## AIM OF THE TASK
Output each entry exactly; skip nothing.

## AVAILABLE DATA
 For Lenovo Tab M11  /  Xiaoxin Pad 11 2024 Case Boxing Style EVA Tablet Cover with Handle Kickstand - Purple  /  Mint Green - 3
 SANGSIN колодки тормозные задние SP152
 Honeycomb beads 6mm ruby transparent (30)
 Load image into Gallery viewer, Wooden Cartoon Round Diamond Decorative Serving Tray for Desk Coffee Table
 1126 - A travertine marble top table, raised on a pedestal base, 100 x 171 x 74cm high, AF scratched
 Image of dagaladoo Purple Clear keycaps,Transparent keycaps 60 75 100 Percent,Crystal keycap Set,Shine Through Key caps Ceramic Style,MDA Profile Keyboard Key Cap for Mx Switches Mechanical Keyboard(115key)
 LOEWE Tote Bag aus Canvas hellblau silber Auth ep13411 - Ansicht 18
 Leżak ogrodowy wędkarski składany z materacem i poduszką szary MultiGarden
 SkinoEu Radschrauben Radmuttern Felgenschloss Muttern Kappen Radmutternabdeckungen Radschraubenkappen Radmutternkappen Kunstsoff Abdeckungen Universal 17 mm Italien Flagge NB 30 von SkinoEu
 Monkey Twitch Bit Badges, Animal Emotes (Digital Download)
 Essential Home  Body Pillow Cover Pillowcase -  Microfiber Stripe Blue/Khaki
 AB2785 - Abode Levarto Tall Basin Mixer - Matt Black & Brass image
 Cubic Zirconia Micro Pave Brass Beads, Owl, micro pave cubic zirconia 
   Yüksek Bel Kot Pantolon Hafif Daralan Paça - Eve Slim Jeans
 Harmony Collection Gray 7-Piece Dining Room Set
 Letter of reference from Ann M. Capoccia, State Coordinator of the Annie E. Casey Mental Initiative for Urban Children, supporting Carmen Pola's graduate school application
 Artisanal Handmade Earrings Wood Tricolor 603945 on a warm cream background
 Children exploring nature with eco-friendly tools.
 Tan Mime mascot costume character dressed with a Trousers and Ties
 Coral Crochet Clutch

## RESULT OF THIS EXERCISE
 For Lenovo Tab M11  /  Xiaoxin Pad 11 2024 Case Boxing Style EVA Tablet Cover with Handle Kickstand - Purple  /  Mint Green - 3
 SANGSIN колодки тормозные задние SP152
 Honeycomb beads 6mm ruby transparent (30)
 Load image into Gallery viewer, Wooden Cartoon Round Diamond Decorative Serving Tray for Desk Coffee Table
 1126 - A travertine marble top table, raised on a pedestal base, 100 x 171 x 74cm high, AF scratched
 Image of dagaladoo Purple Clear keycaps,Transparent keycaps 60 75 100 Percent,Crystal keycap Set,Shine Through Key caps Ceramic Style,MDA Profile Keyboard Key Cap for Mx Switches Mechanical Keyboard(115key)
 LOEWE Tote Bag aus Canvas hellblau silber Auth ep13411 - Ansicht 18
 Leżak ogrodowy wędkarski składany z materacem i poduszką szary MultiGarden
 SkinoEu Radschrauben Radmuttern Felgenschloss Muttern Kappen Radmutternabdeckungen Radschraubenkappen Radmutternkappen Kunstsoff Abdeckungen Universal 17 mm Italien Flagge NB 30 von SkinoEu
 Monkey Twitch Bit Badges, Animal Emotes (Digital Download)
 Essential Home  Body Pillow Cover Pillowcase -  Microfiber Stripe Blue/Khaki
 AB2785 - Abode Levarto Tall Basin Mixer - Matt Black & Brass image
 Cubic Zirconia Micro Pave Brass Beads, Owl, micro pave cubic zirconia 
   Yüksek Bel Kot Pantolon Hafif Daralan Paça - Eve Slim Jeans
 Harmony Collection Gray 7-Piece Dining Room Set
 Letter of reference from Ann M. Capoccia, State Coordinator of the Annie E. Casey Mental Initiative for Urban Children, supporting Carmen Pola's graduate school application
 Artisanal Handmade Earrings Wood Tricolor 603945 on a warm cream background
 Children exploring nature with eco-friendly tools.
 Tan Mime mascot costume character dressed with a Trousers and Ties
 Coral Crochet Clutch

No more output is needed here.